また、利用者が生み出した「投稿」というデータの活用方法を、プラットフォームのオーナーが独断で決めることに異論を唱えるジャロン・ラニアー氏のような一派も少なくない。
ちなみに、私個人としては、(2)の可能性にも注目している。実際、研究対象としてのSNSデータの有用性には地域差や世代差があるし、流行り廃りもあるので、研究の目的に合わせてデータソースを選んでいくしかない。10年後にはTwitterとは全く異なるSNSが広く使われているかもしれないし、その新たなSNSコミュニティが研究目的のデータ利用に優しいかどうかも全くわからないし、そもそも論として「SNS? 昭和っぽくない?」とか自分の娘に言われているかもしれないのだ。
プラットフォーマーによる「自主規制」の弊害
データを無償で開示してくれたとしても、その内容が、我々紛争研究者が関心を持っているような、当事者の生の声そのままである保証はない。なぜなら、近年SNSプラットフォームは、暴力的な内容や犯罪、ヘイトスピーチなどに関して、自社プラットフォーム上の独自の自主規制を行なっているからである。これを「コンテンツ・モデレーション(Content Moderation)」と呼ぶ。
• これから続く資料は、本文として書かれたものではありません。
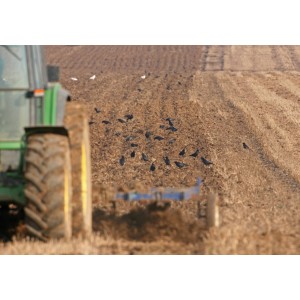 Forme de corbeau floquée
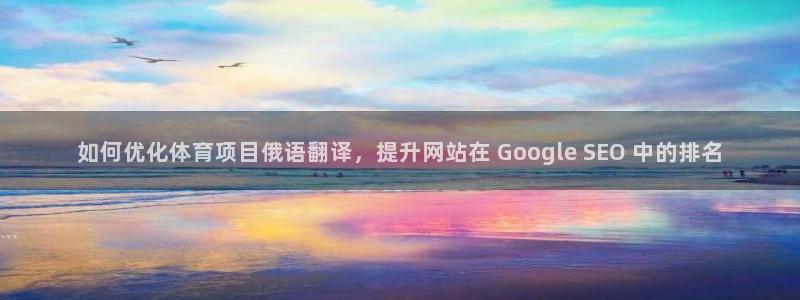 星欧娱乐属于什么档次的软件公司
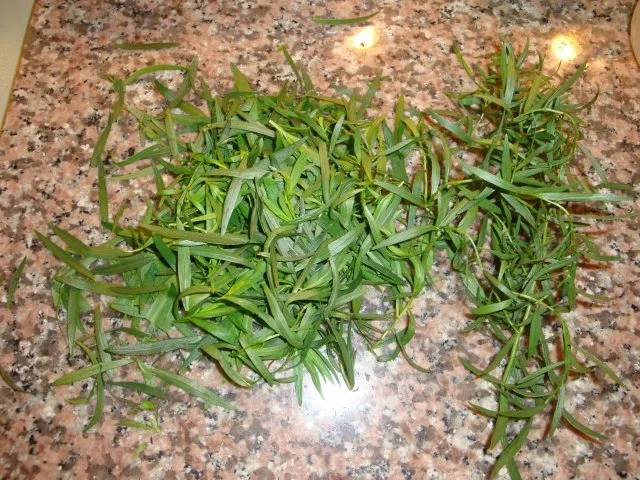 Tomaten-Letscho- Sauce - Rezept - Bild Nr. 4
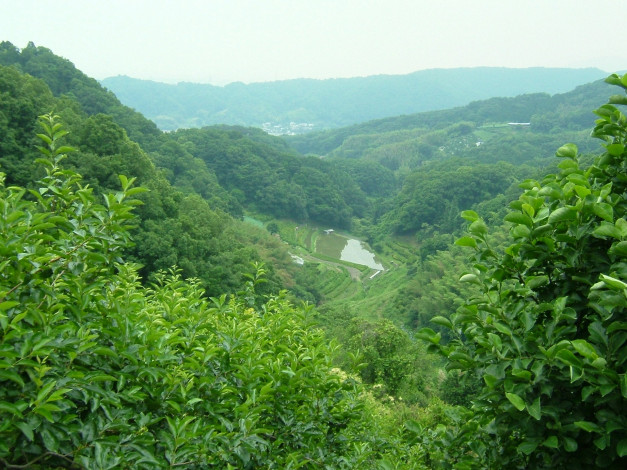 Обои картинки фото природа, пейзажи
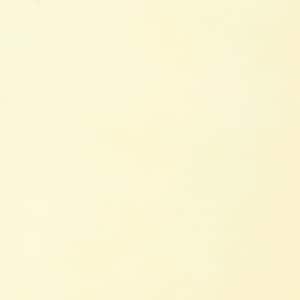 May include: A plain, off-white background.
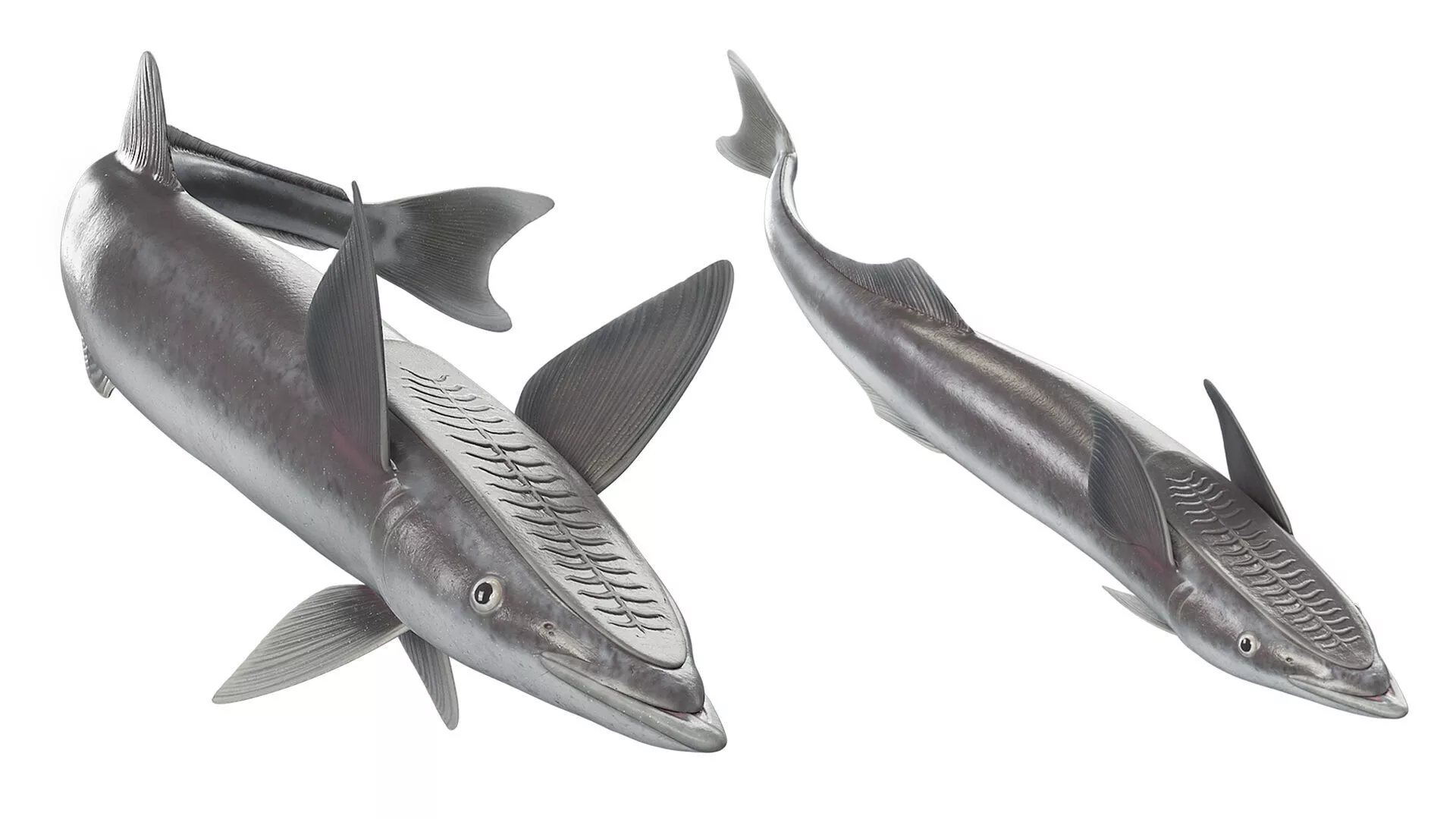 Remora Fish Rigged for Cinema 4D 3D model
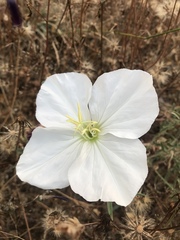 Oenothera acaulis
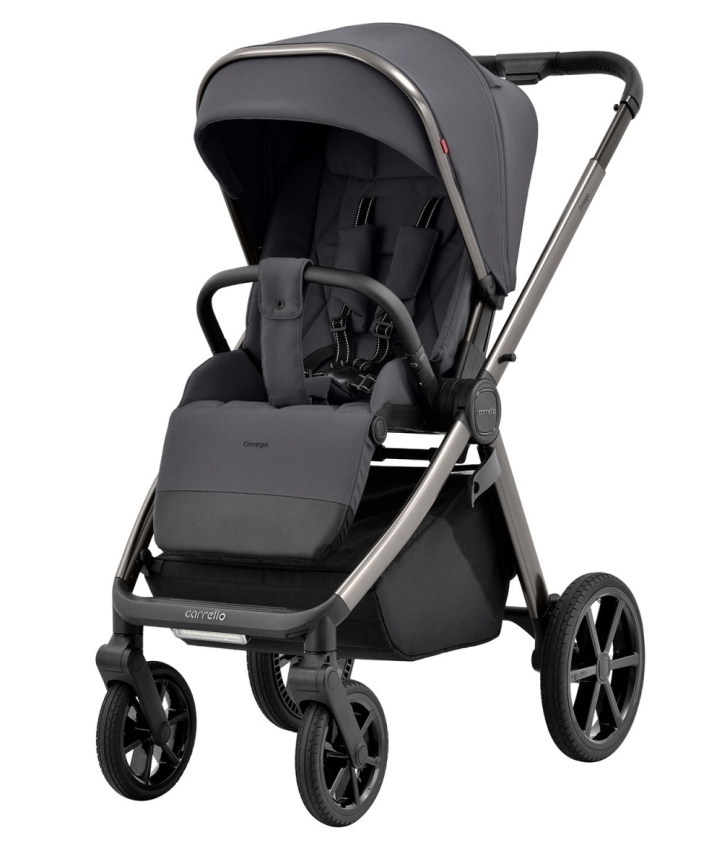 Коляска 2 в 1 Carrello Omega CRL-6530 фото 30
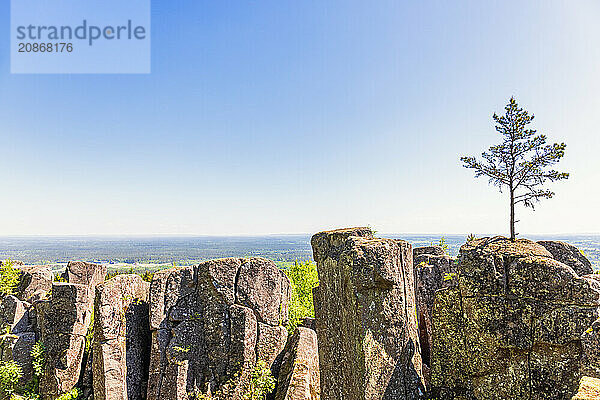 Pine tree growing on a rock pillar with a beautiful landscape view to the horizon with a clear blue sky  Billingen  Skövde  Sweden  Europe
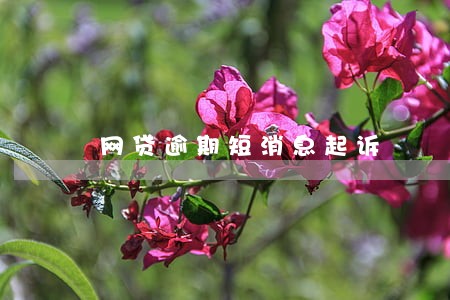 网贷逾期短消息起诉 网贷逾期短消息起诉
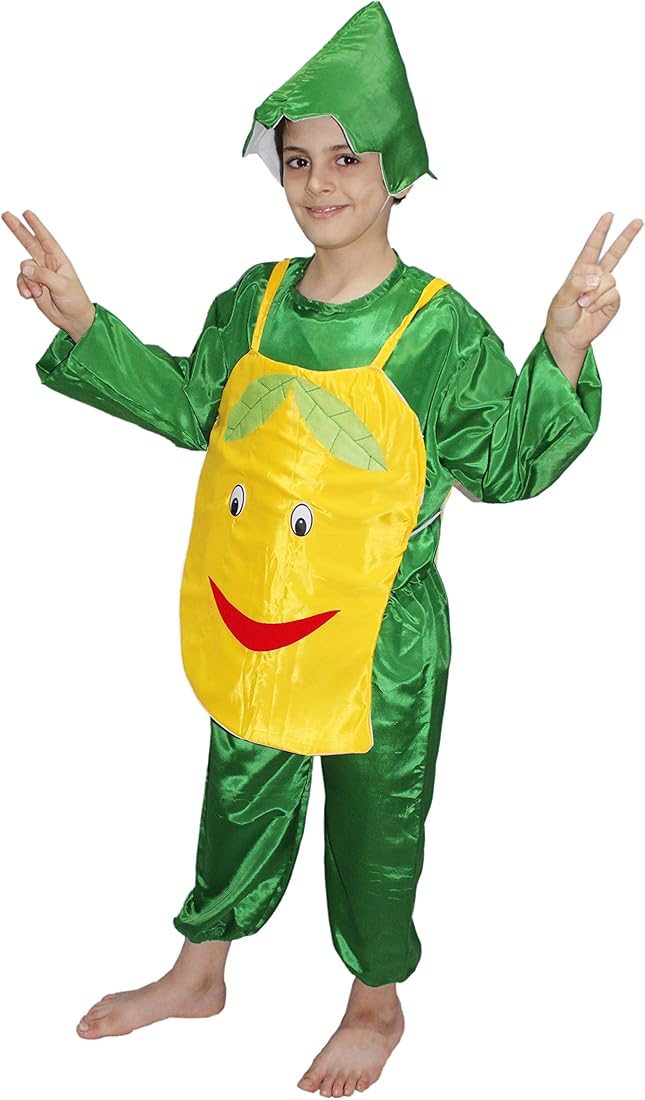 fancy dress ideas for boy kid in india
コンテンツ・モデレーションには大きく分けて2つの方法がある。一つは、発言内容や発信主体のアカウントそのものを削除すること。二つ目は、内容を削除しないものの、おすすめに表示されにくいようにすることである。
コンテンツ・モデレーションの主たる目的は、もちろん自社SNSが犯罪や違法行為の温床になることを防ぐためであるが、実践にはいくつか課題がある。
第一に、何が違法かは国によってルールが異なる。例えば、独裁体制を敷く政府に匿名で異論を唱える内容が、「国家扇動罪」などの国内法に抵触するとの理由で削除されしまう可能性があり、この場合、SNSは知らずに独裁に協力してしまう結果となる。
第二に、コンテンツ・モデレーションはほぼコンピューターによって自動制御されるので、2015年にはとあるアメリカ先住民族出身の人物のFacebookアカウントが「名前が普通じゃない」という理由でフェイクアカウントとして勝手に削除されるという事例も起きた。失礼な話である。
第三に、削除や規制の判断基準が同一プラットフォーム上でも言語によって大きく異なる。コンピューターが理解するのが得意な言語は判断基準がより正確でかつ厳しいが、そうでない言語では対応が画一的でなかったり、甘かったりする。